I also have been an MLP user for several months now and I’m currently running it with new old stock Amperex 6922 PQ Gold Pin tubes. With the hi-Z dynamic headphones I found the MLP to sit in the middle of the dry-wet spectrum between the Cayin’s sound on the low impedance and high impedance settings. Other technical aspects of the sound, like detail retrieval, spatial recreation, etc were very close. I found it often depended on the track as to whether I preferred MLP or the Cayin’s spatial recreation. I consistently enjoyed hard rock/metal with the Cayin + 6XX on the 300Ω setting. I also found the relative quantities of bass to vary by track, too. In some of my notes, while using the 6XX, I found the Cayin on lo-Z to have the least bass quantity, then the MLP, then the Cayin on hi-Z. On some other tracks my notes say the order was MLP > Cayin hi > Cayin lo. In any case, it’s not a huge difference, but is noticeable. The MLP also made the LCD-2 a bit warmer and smoother, where the Cayin dried out its sound and emphasized details a bit more. The MLP also had slightly more bass quantity with LCD-2. Both sounded good, and it was close enough that preference will carry the day here.

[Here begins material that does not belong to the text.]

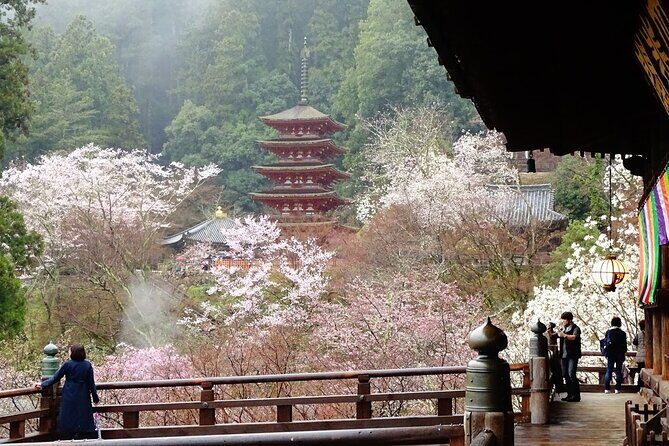 Kamakura and Yokohama Private Tour with Bilingual Chauffeur - A Full Breakdown of the Tour Experience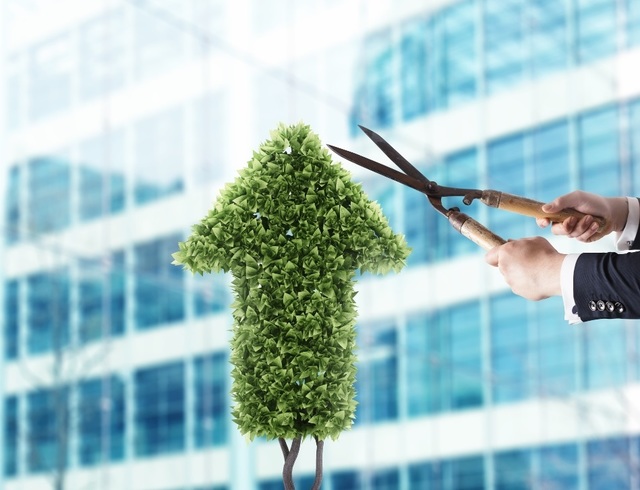 electrica intra in linie dreapta cu obligatiunile care ii vor finanta proiectele in regenerabile noile bonduri verzi ar urma sa aiba un rating bbb din partea fitch ce spune agentia de evaluare fina 6866a358dd560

I like this Cayin HA-1AMK2 tube amp a lot – I mean I really like it. This review has been time consuming, with so many things to check out, and I still feel like there’s more to explore. But WOW has it been FUN. I’ve been grinning ear to ear playing with this thing. I bought it to have a tube amp that at least matched the MLP in overall technical performance and I succeeded. The ability to get a different but still enjoyable sound out of my LCD-2 and Elegia is very sweet icing on the cake. And I’ve never heard the 6XX sound so good before. I maybe didn’t gush enough above so I’ll do it here. The 6XX on this amp sounds wonderful. I loved that combo for hard rock and metal. I also love that I can crank my DT880 and not split my head open with the treble. Suffice it to say I’m super happy. This HA-1AMK2 will be my reference tube amp for awhile…probably until it makes sense to land a $2K+ tube amp. So, if you’ll excuse me, I have some tube-amped music to listen too…

Thanks once again for sticking out another long-winded review, all. I appreciate all your support. Enjoy the music!